I've successfully used the Term co-occurrence counter node to analyse co-occurrence between terms within documents. What I'd also like to do is calculate co-occurrence between terms and document metadata, such as the author or source category.

I gather from my efforts thus far that the co-occurrence counter is not designed to do this: it seems to count co-occurrence either within the document body text or within the document title (I haven't actually tried within-title counting, but I assume that's what the title-level co-occurrence option is designed to count). I note that there is an option to skip meta information sections, but unchecking this doesn't have any apparent effect.

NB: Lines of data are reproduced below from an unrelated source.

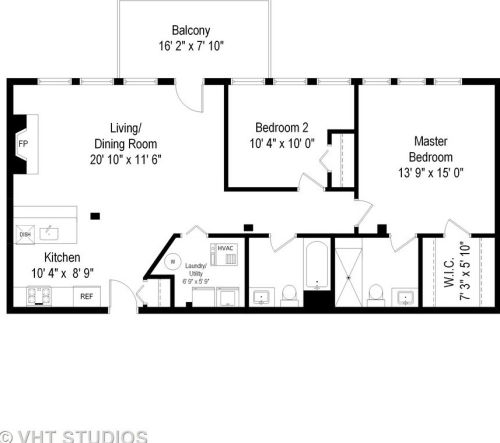 1243 Wabash Ave, Chicago IL  60605-2473 exterior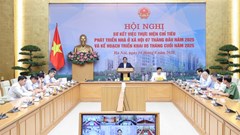 Phát triển nhà ở xã hội thành chỉ tiêu phát triển kinh tế - xã hội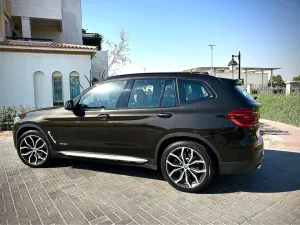 2018 BMW X3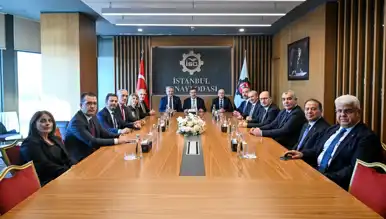 Hükümet-İş Dünyası Zirvesi: Ekonomi ve Ticaret Masada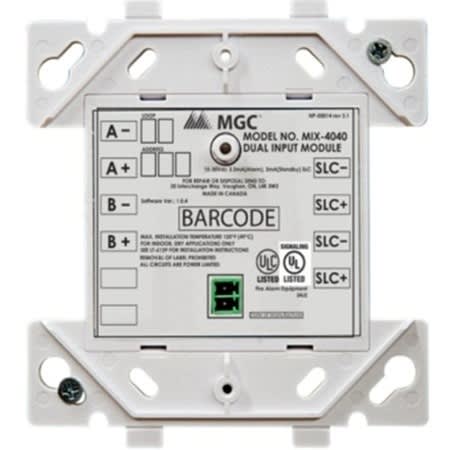 Addressable Dual Input Monitor Module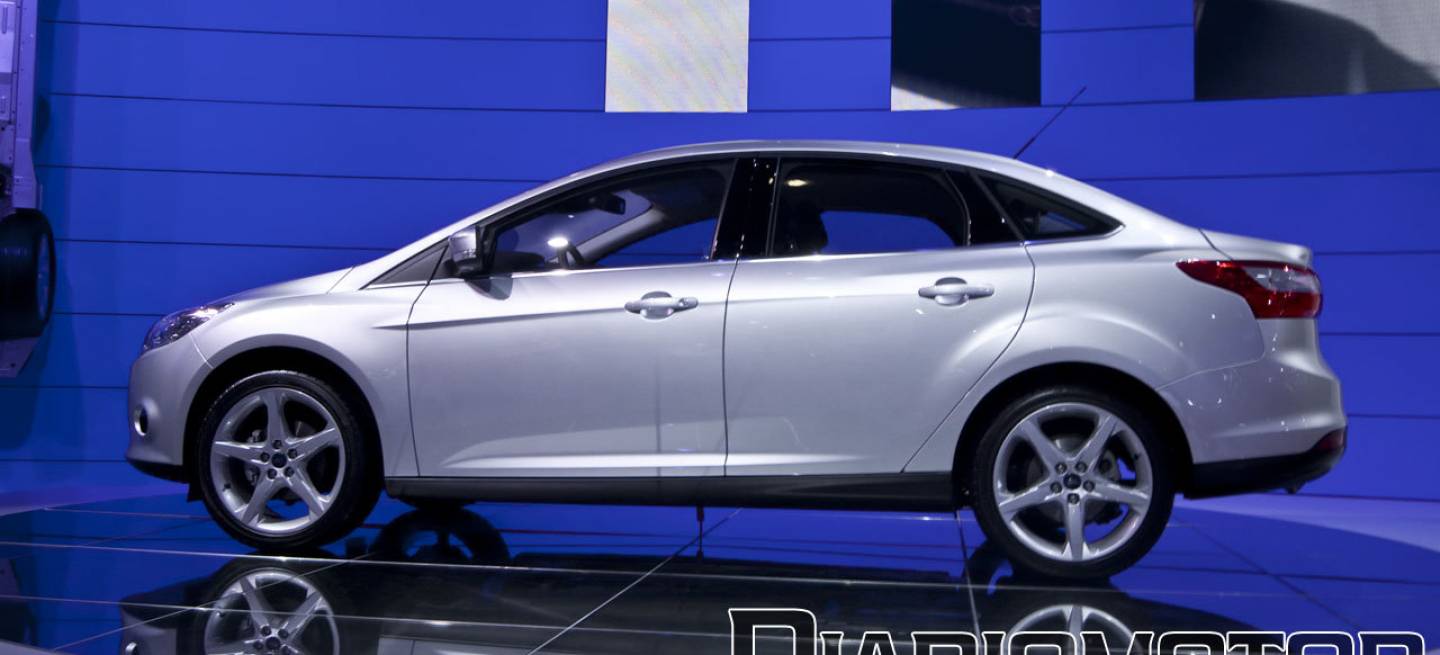 Ford Focus 2011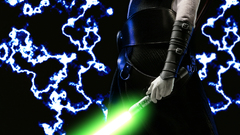 Star wars lightsaber jedy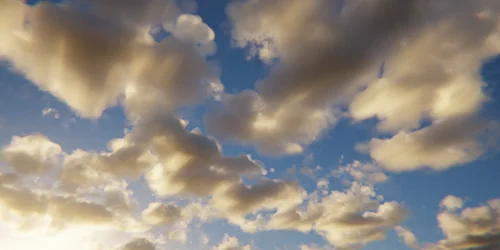 Skies Creating Skyboxes With Blender скачать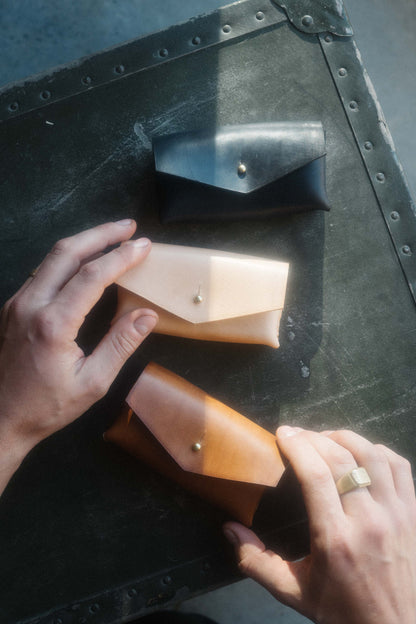 "really nice film pouch"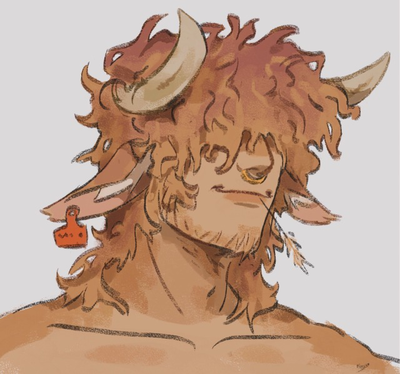 Cowbell ghoul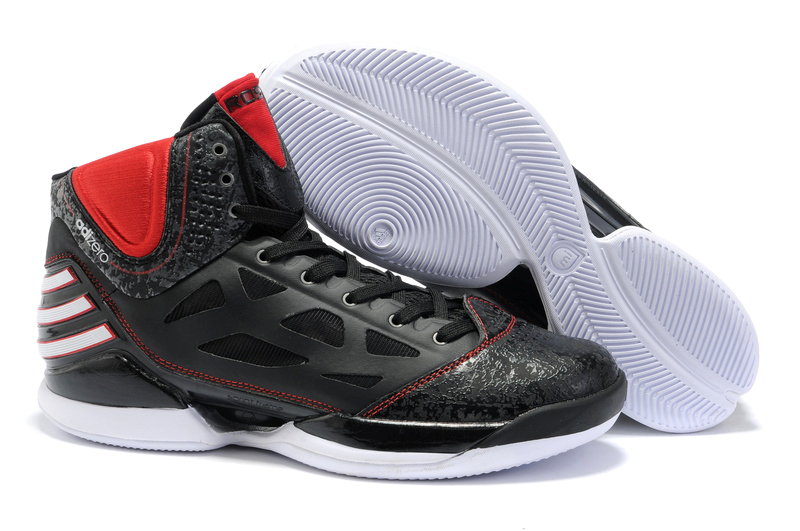 罗斯12代曝光？外底致敬4代颜值普普通通阿迪有情有义？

Is there any way to achieve what I am describing here? Basically I want a higher-level to the co-occurrence counter's options -- one that considers the document text and the meta information together.

One option that occurs to me would be to artificially 'inject' the desired meta information into the document text itself. I suppose appending this information using the Groupby or String manipulation nodes while the documents are in string form could achieve this. This is far from ideal, though.

Another option would by to construct a different method to calculate co-occurrence that can incorporate additional data fields. But I don't know how to do this anywhere near as efficiently as the Term co-occurrence counter node.

Any suggestions would be appreciated.

Hi,

you are right, the Term Co-occurrence counter is not designed to take meta information into account. Instead of injecting the meta info into the document text maybe you can try to use Frequent Item Set Mining. You can think of authors as items and documents as transactions. Then start with a low minimum support to get many frequent sets. 

Cheers, Kilian

That's a totally new technique to me! If I get around to trying it out and have any success I'll let you know. Thanks.

This topic was automatically closed 90 days after the last reply. New replies are no longer allowed.